Va escluso che la modalità di costituzione in giudizio cartacea adottata dal ricorrente possa influenzare quella del resistente, obbligandolo a non utilizzare la costituzione telematica: queste le conclusioni dei giudici delle Commissioni Provinciali con le recentissime sentenze CTP Foggia, 5 febbraio 2018, n. 104 e, soprattutto, CTP Padova, 10 aprile 2018. n. 253, le quali ribaltano le precedenti contrarie decisioni di altre Commissioni nell’applicazione del combinato disposto degli artt. 2, 10 e 12, d.m. 23 dicembre 2013, n. 163 (Regolamento del PTT).

I giudici della CTP Foggia hanno ritenuto che non possa essere vincolante per il resistente la scelta effettuata dal ricorrente della modalità di costituzione in giudizio, con la motivazione che l’art. 2, d.m. 23 dicembre 2013 «si limita a stabilire tale obbligo per la sola parte che abbia adottato in primo grado le modalità telematiche, senza in alcun modo condizionare le scelte della controparte». La decisione è stata assunta anche tenuto conto che la Suprema Corte, con la sentenza Cass., S.U., n. 7665/2016 e Cass., sez.

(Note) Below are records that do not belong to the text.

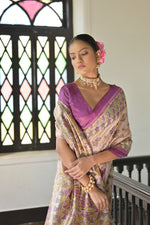 Thumbnail for Jyoti Fashion Women's Wine Soft Tussar Silk Printed Designer Saree with Blouse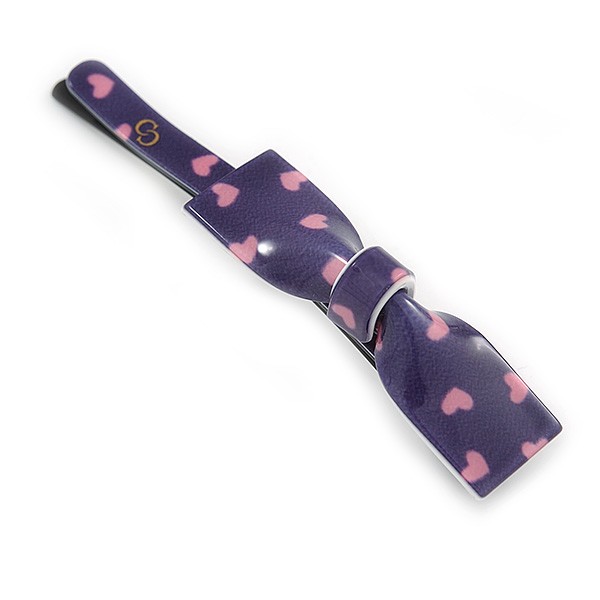 1Pcs Purple with Pink Hearts Acrylic Bow Hair Grip/ Slide In Black Tone Metal –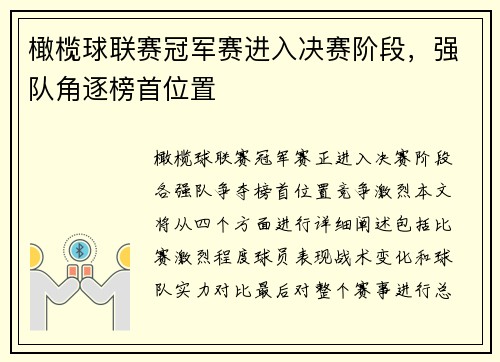 橄榄球联赛冠军赛进入决赛阶段，强队角逐榜首位置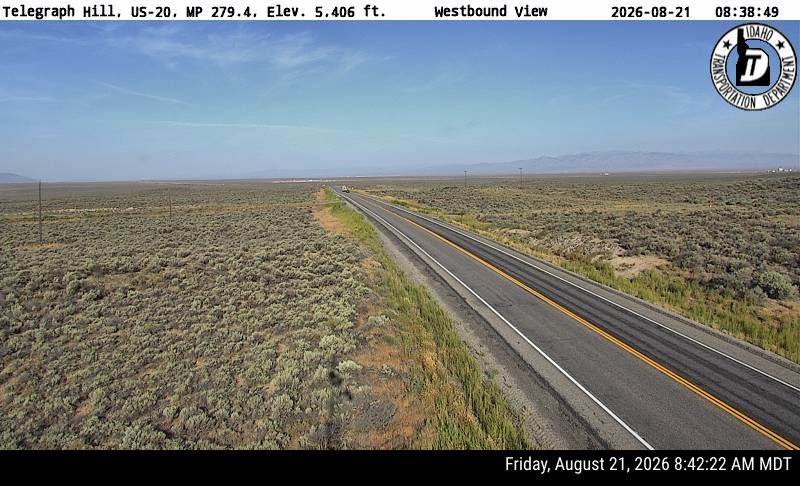 US-20 Telegraph Hill Webcam Near Atomic City, Idaho - westbound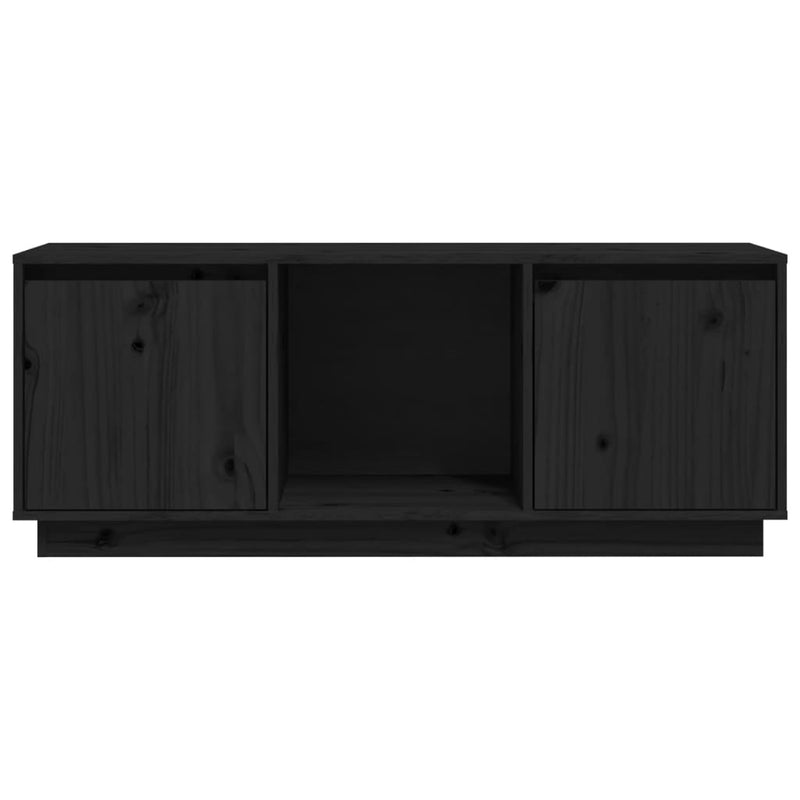 vidaXL TV Cabinet Black 110.5x35x44 cm Solid Wood Pine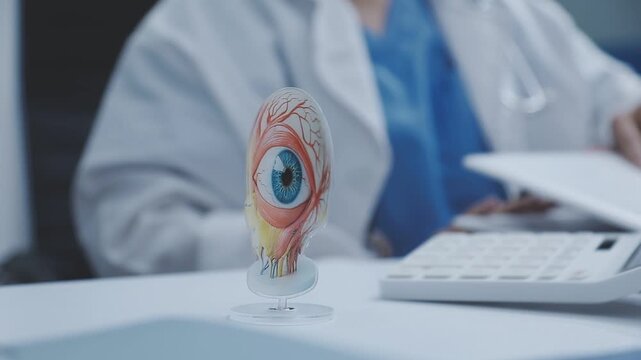 Doctors discuss eye health using an anatomical eye model during a medical consultation, reviewing documents and explaining details on a desk.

VI, n. 26831/2014, ha, in sintesi, stabilito che in assenza di concreto pregiudizio per il diritto alla difesa della parte, anche la eventuale violazione di una norma processuale rimane priva di effetto invalidante.

 

Con la sentenza n. 253 richiamata, i giudici della CTP di Padova, aderendo ai principi espressi dalla precedente sentenza di Foggia, hanno però ampliato la motivazione precisando che:

a)      Il combinato disposto dei commi 1 e 3 dell’art. 10, d.m. 23 dicembre 2013, n. 163 va inteso nel senso che non esiste obbligo per la parte resistente di seguire la modalità cartacea se questa è stata la scelta del ricorrente, in quanto se il legislatore avesse voluto sancirlo lo avrebbe disposto espressamente (principio del ubi lex voluit dixit ubi noluit tacuit);

b)      Le disposizioni di un testo normativo devono essere lette e interpretate in un’ottica logico-sistematica, secondo la quale tutti i servizi della Pubblica Amministrazione, compresa quella della giustizia, sono da tempo improntati a favorirne la digitalizzazione, tanto che il citato d.m. n. 163/2013 prevede all’art. 12 che i documenti depositati in formato cartaceo sono acquisiti in formato digitale a cura della Segreteria della Commissione per la loro immissione nel fascicolo informatico, confermandone pertanto la valida produzione, in quanto la presenza del fascicolo informatico presuppone la costituzione in giudizio telematica dell’altra parte processuale.